++++ Data to examine

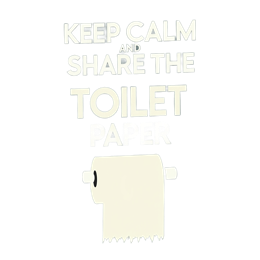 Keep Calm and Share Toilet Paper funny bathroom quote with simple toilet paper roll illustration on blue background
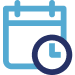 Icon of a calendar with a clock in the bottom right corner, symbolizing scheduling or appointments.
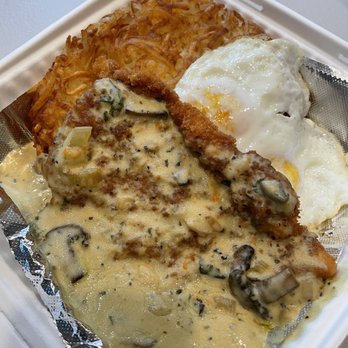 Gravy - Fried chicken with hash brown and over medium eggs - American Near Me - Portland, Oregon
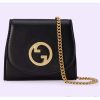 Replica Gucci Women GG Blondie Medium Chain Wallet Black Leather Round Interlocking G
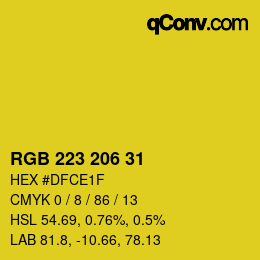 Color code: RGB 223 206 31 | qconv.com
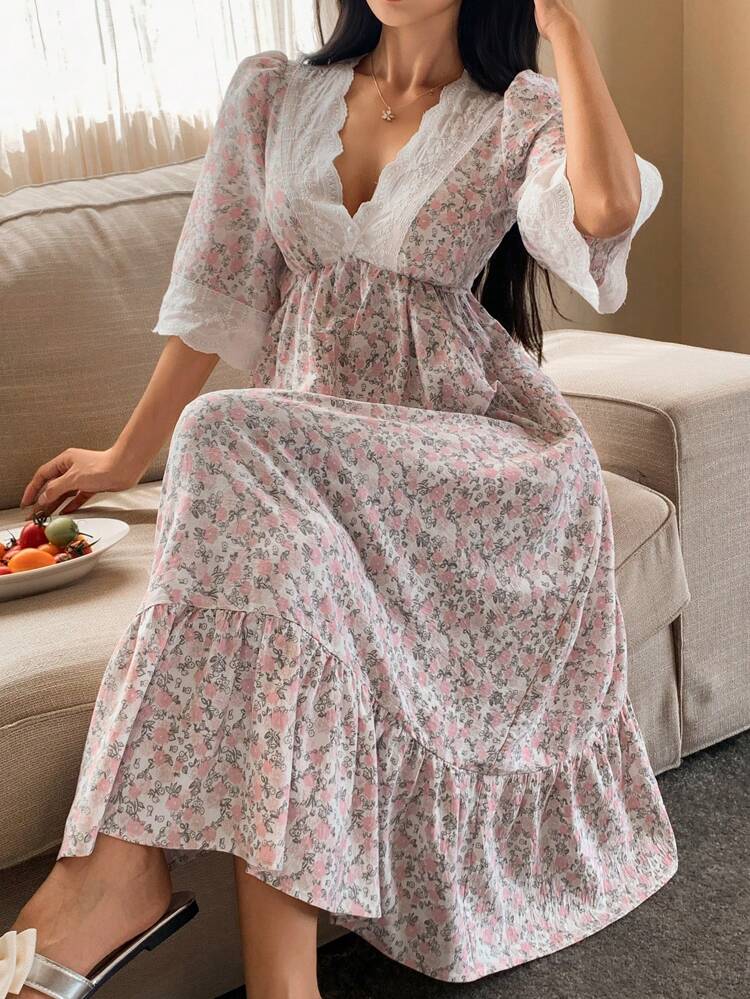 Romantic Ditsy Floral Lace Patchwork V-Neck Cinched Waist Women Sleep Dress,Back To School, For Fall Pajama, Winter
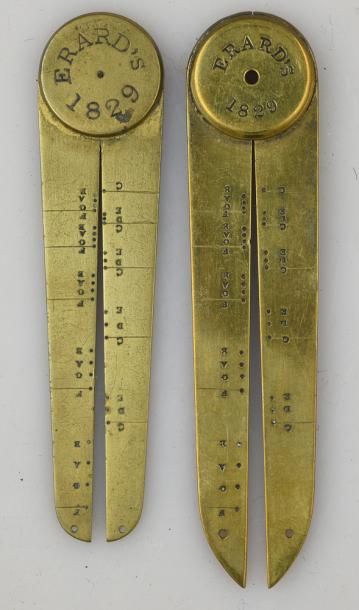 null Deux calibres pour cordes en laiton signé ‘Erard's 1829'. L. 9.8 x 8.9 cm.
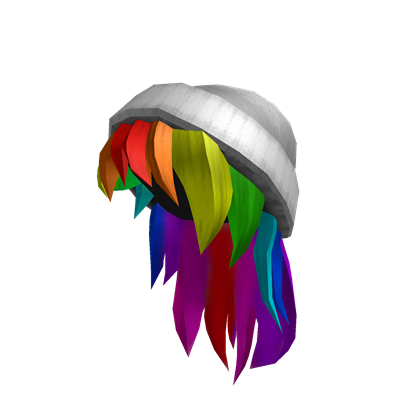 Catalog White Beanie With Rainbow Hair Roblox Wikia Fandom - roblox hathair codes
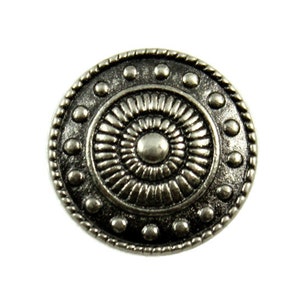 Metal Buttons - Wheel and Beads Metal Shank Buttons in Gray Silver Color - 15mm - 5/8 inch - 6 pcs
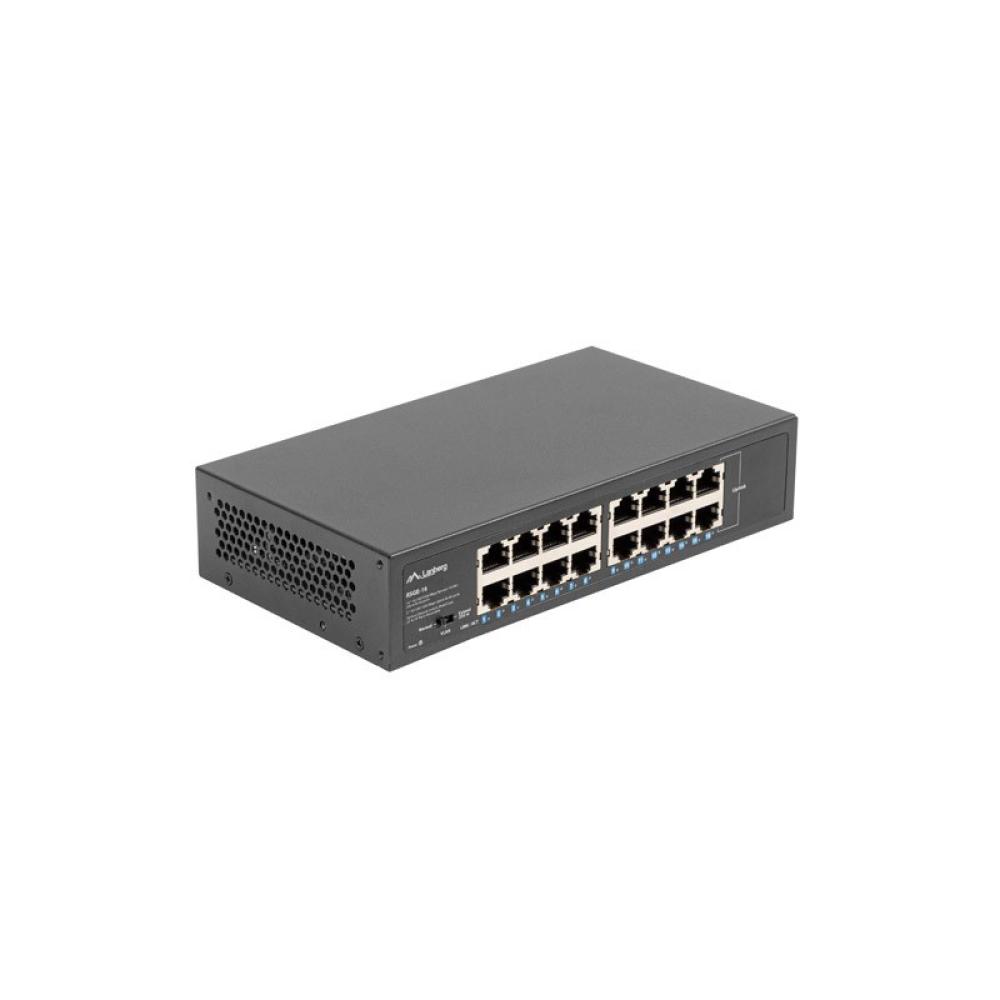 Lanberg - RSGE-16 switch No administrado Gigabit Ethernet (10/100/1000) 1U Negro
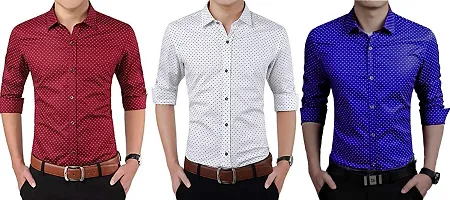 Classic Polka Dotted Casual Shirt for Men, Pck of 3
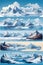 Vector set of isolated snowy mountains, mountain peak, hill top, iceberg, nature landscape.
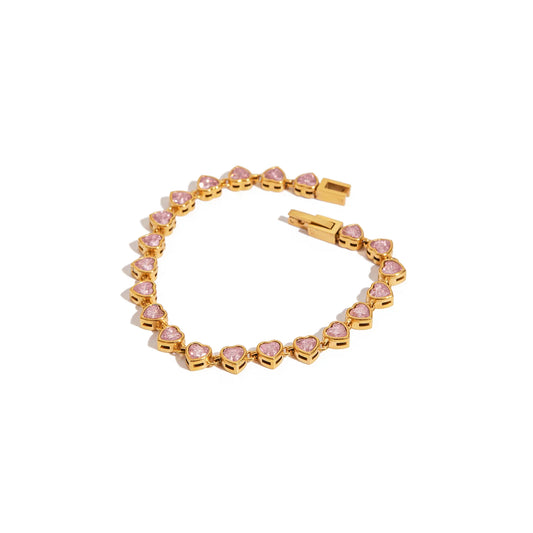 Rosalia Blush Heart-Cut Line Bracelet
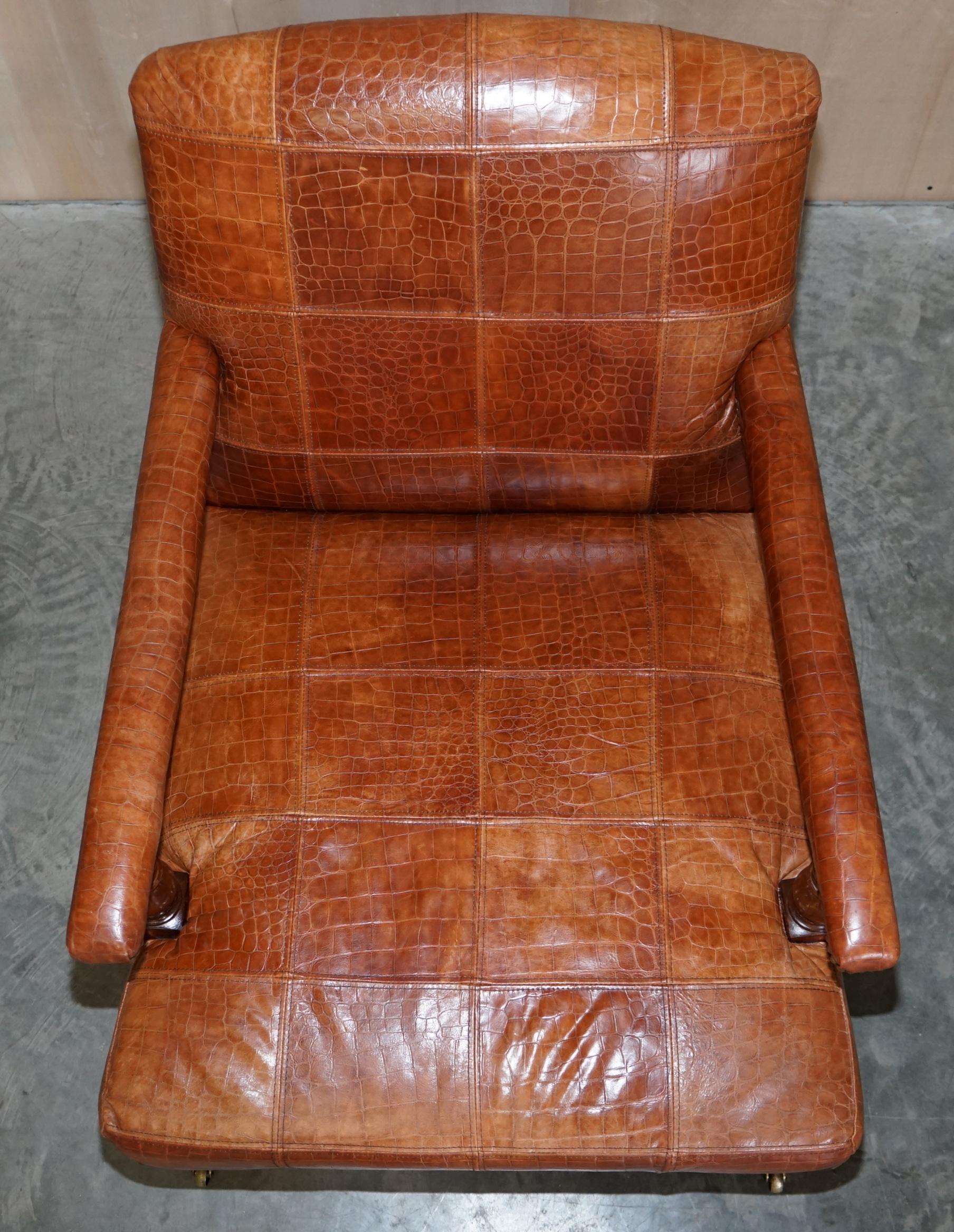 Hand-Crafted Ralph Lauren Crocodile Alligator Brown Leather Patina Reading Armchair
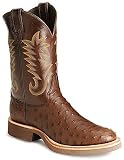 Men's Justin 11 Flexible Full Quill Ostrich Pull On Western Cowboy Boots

++++++++

Your answer must consist only of the lines from the one containing "Hand-Crafted Ralph Lauren" through the end of the entries, restated word for word, with no pictures.

**Written solution**
 Hand-Crafted Ralph Lauren Crocodile Alligator Brown Leather Patina Reading Armchair
 Men's Justin 11 Flexible Full Quill Ostrich Pull On Western Cowboy Boots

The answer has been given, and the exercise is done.